Another answer to the question as to the soul's origin is that of Pre?xistence. This may be called the Oriental theory, for almost the whole Orient holds this view. The substance of the teaching is suggested by Wordsworth, in his "Ode to Immortality," in the following lines:
"Our birth is but a sleep and a forgetting; The soul that rises with us, our life's star, Hath had elsewhere its setting, And cometh from afar."
Many Occidentals have believed in pre?xistence. One of the most intelligent persons whom I have ever known once affirmed that she had had thoughts which she was sure were memories of events which had occurred in a previous life. This answer only pushes the question one stage further back, and leaves us still inquiring, Where do the souls of men originally come from?
Another answer to our question affirms that every individual soul is created by God whenever a body is in readiness to receive it--that when a body is born a soul is made to order for it. An old poet wrote as follows:
"Then God smites His hands together And strikes out a soul as a spark, Into the organized glory of things, From the deeps of the dark."[1]

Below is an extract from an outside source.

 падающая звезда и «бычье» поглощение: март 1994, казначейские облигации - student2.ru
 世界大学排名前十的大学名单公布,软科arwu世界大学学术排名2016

[Footnote 1: W.R. Alger, "History of the Doctrine of a Future Life," page 10.]
The Greek myth of Prometheus is an illustration of this teaching, for "Prometheus is said to have made a human image from the dust of the ground, and then, by fire stolen from heaven, to have animated it with a living soul."[2]
[Footnote 2: W.R. Alger, "History of the Doctrine of a Future Life," page 10.]
Another answer teaches that all human souls have been derived by heredity from that of Adam. This is a speculation found in medieval theology, and in the Koran.
A fanciful theory suggests that all souls have been in existence since the universe was formed; that they are floating in space like rays of light; and that when a body comes into being a soul is drawn into it with its first breath, or first nourishment. This is pure imagination, but intelligent and earnest men have believed it to be the true solution of the problem.
One other answer to this question of origin teaches that souls are propagated in the same way and at the same time as bodies; that when a human being appears he is body and spirit; that both are born together, both grow together; and then, some add, both die together, while others believe that the spirit enters at death on a larger and freer stage of existence.